Vendre hors de France ne signifie pas facturer sans TVA au hasard. Trois régimes distincts coexistent : l’exonération à l’exportation de l’article 262 du CGI, l’exonération des livraisons intracommunautaires de l’article 262 ter, et l’autoliquidation par le preneur pour les prestations de services. Chacun a ses conditions de fond, sa mention obligatoire et sa preuve à conserver. Se tromper, c’est risquer un rappel de TVA sur trois exercices.
Au sommaire
- La question préalable : bien ou service ?
- Exportation hors UE : l’article 262, I du CGI
- Livraison intracommunautaire : l’article 262 ter, I
- Prestations de services : le lieu d’imposition
- L’autoliquidation par le preneur
- Tableau de synthèse des mentions
- Les déclarations à ne pas oublier
- Les erreurs classiques
La question préalable : bien ou service ?
Tout commence par cette distinction, car les règles de territorialité sont radicalement différentes. Pour les biens, ce qui compte est le mouvement physique de la marchandise. Pour les services, ce qui compte est le lieu d’établissement du preneur et sa qualité d’assujetti ou non.
Une même entreprise peut relever des trois régimes le même mois : vente de machines à un client canadien, livraison de pièces détachées à un client allemand, prestation de maintenance à distance pour un client belge.
Exportation hors Union européenne : l’article 262, I du CGI
L’article 262, I du Code général des impôts exonère de TVA les livraisons de biens expédiés ou transportés par le vendeur, ou pour son compte, hors du territoire de l’Union européenne. L’exonération est totale et ouvre droit à déduction de la TVA d’amont.
Les conditions de fond
- Il doit s’agir d’une livraison de biens meubles corporels, pas d’une prestation.
- Les biens doivent quitter physiquement le territoire de l’Union.
- Le transport doit être assuré par le vendeur ou pour son compte.

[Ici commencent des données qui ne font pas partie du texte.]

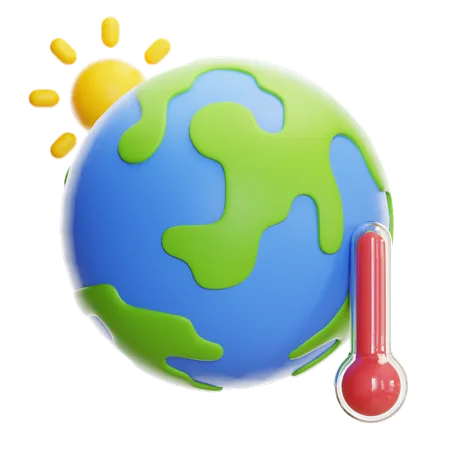 Le réchauffement climatique  3D Icon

Lorsque c’est l’acheteur non établi en France qui prend en charge le transport, l’exonération reste possible sous conditions particulières.
La preuve de la sortie du territoire
C’est le point sur lequel les redressements se concentrent. La preuve principale est la déclaration en douane d’exportation validée, avec la certification électronique de sortie délivrée par le système de contrôle des exportations. Le numéro de référence du mouvement, le MRN, permet de faire le lien entre la facture et la déclaration.
À défaut, l’administration admet un faisceau de preuves alternatives : documents de transport internationaux (lettre de voiture CMR, connaissement maritime, lettre de transport aérien), justificatifs du transitaire, documents bancaires attestant le paiement depuis l’étranger, bons de livraison signés par le destinataire.
Conservez la preuve pendant six ans. Sans elle, l’administration considère que la livraison est intervenue en France et réclame la TVA — que vous n’avez pas facturée et que vous ne pourrez plus récupérer auprès d’un client situé à l’autre bout du monde. Le coût est intégralement pour vous.
La mention à porter
Sur la facture définitive comme sur la proforma qui la précède, indiquez : « Exonération de TVA, article 262, I du CGI ». Certaines entreprises ajoutent la version anglaise « VAT exempt — export of goods » pour l’acheteur étranger, ce qui est admis dès lors que la mention française figure bien.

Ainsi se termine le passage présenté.